BASF, Sabic and Linde in final stages of demo plant for e-cracker
The joint project between chemical firms BASF, Sabic, and Linde to build the world’s first electrically heated steam cracker furnaces hit an important milestone recently with the installation of the last transformers for the demonstration plant.
This is one of the final and most crucial steps of the construction and has taken place about a year after construction started.
Completion is scheduled for the end of 2023, followed by a stepwise commissioning.
The electricity-based heating concepts for olefin production, which will be tested at the plant in the future, require a total of 6 megawatts of renewable energy. The transformers convert current to the voltage required at the plant.

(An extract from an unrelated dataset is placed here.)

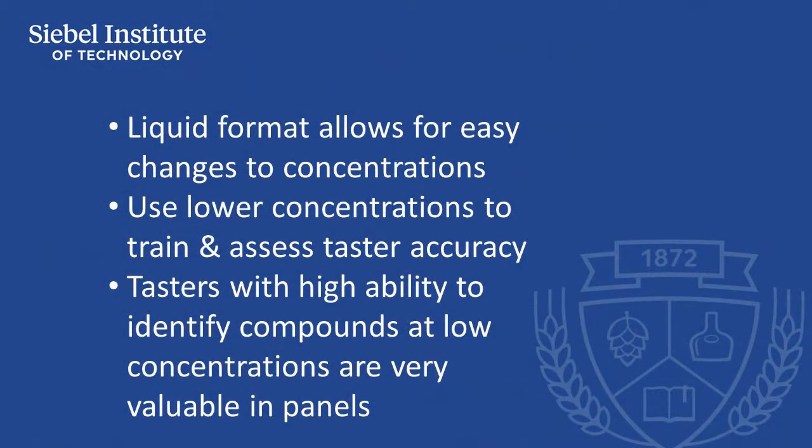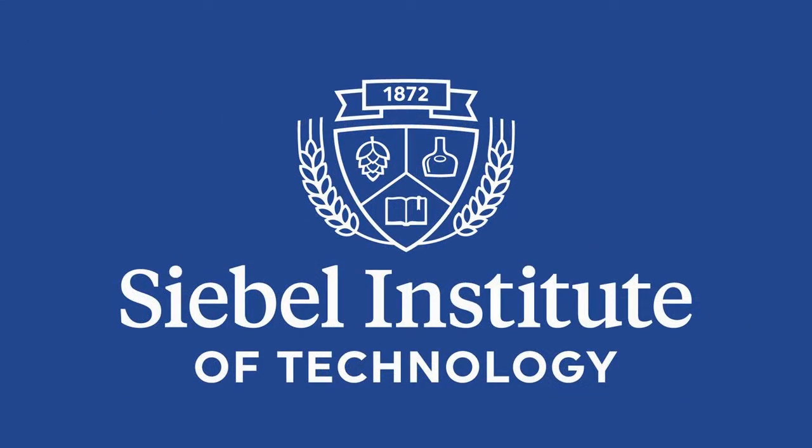For advanced tasting panels, our liquid compounds allow taste panel managers to easily vary the spiking rate of beer samples by measuring the spiking compounds using a lab pipette. This gives panel managers a valuable tool in assessing tasters' ability to identify sensory compounds at different concentrations, as part of an advanced quality control panel management system. For example, one liter of beer can be spiked with one third of the vial of a sensory compound, resulting in spiked beer at the taste threshold level. Tasters that are able to identify compounds at this low level are valuable contributors to any quality control taste panel program.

There are nine transformers in total, and through each of them flows several thousand amps of current.
Thanks to the novel heating concepts, and by using electricity from renewable sources instead of natural gas, electric steam cracker furnaces, one of the most energy-intensive production processes, can potentially reduce CO2 emissions by at least 90% compared to conventional technologies.
The demonstration plant will be fully integrated into one of the existing steam crackers at BASF’s Verbund site in Ludwigshafen, Germany.
The German Ministry for Economic Affairs and Climate Protection is sponsoring the project with EUR14.8 million as part of the “Decarbonisation in Industry” funding program, financed by the European Union’s NextGenerationEU fund.